**YOUR TASK:** Without including any pictures, give back all of the data exactly.

**RECORDED DATA:**

* * * * * * * * *

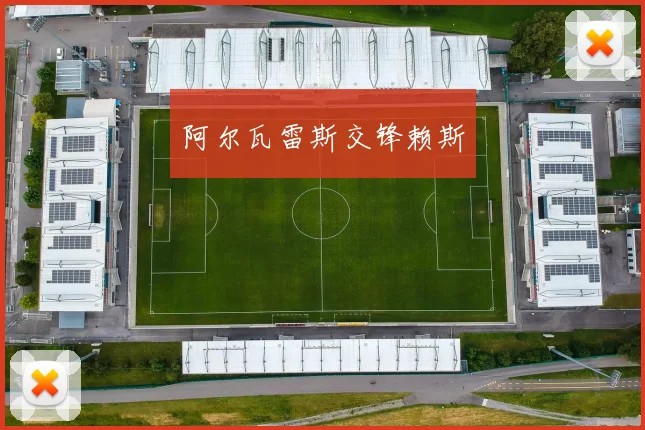 阿尔瓦雷斯交锋赖斯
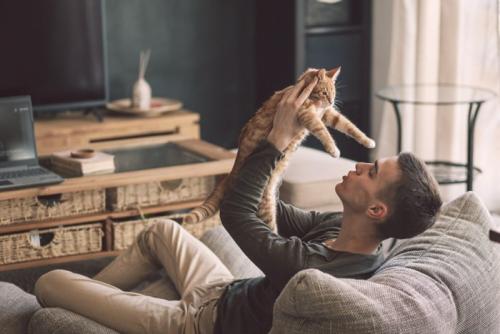 猫を抱き上げる人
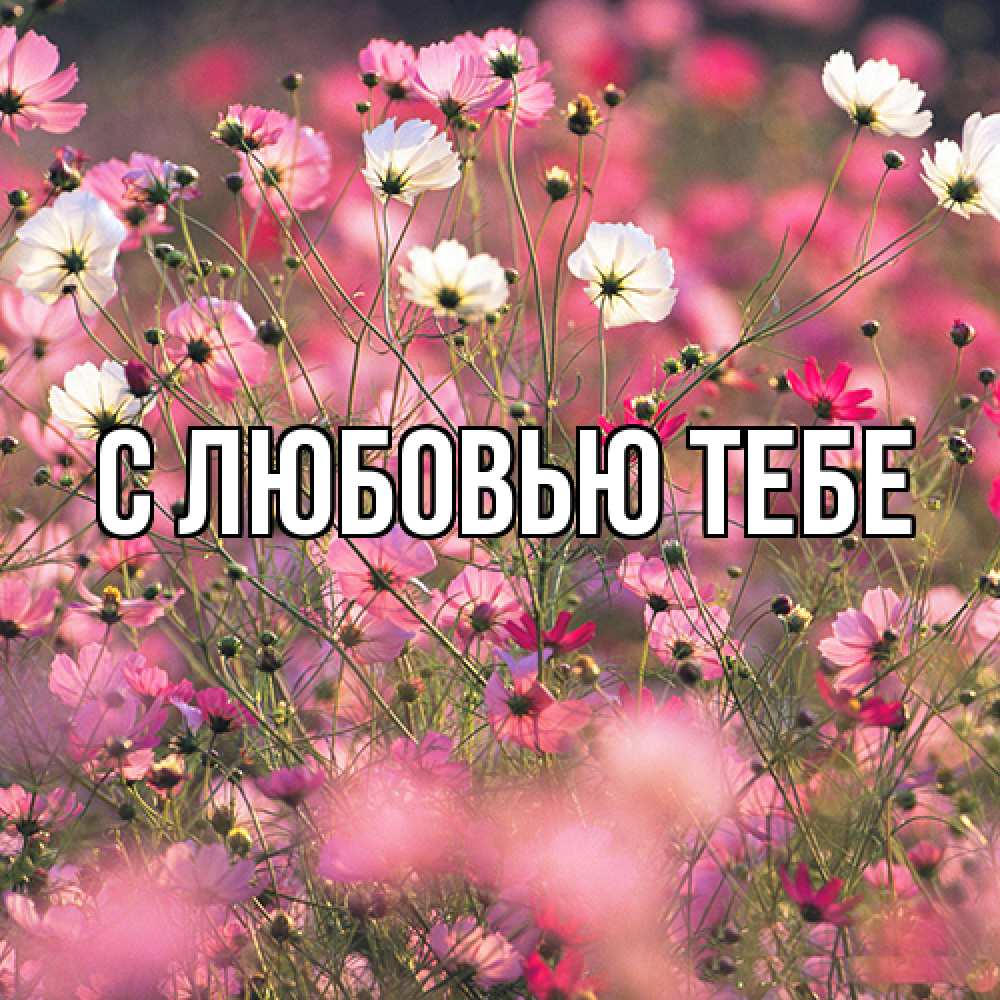 Открытка на каждый день с именем, Жан Люблю тебя красиво 1 Прикольная открытка с пожеланием онлайн скачать бесплатно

* * * * * * * * *

**THE COMPLETED TASK:**
 阿尔瓦雷斯交锋赖斯
 猫を抱き上げる人
 Открытка на каждый день с именем, Жан Люблю тебя красиво 1 Прикольная открытка с пожеланием онлайн скачать бесплатно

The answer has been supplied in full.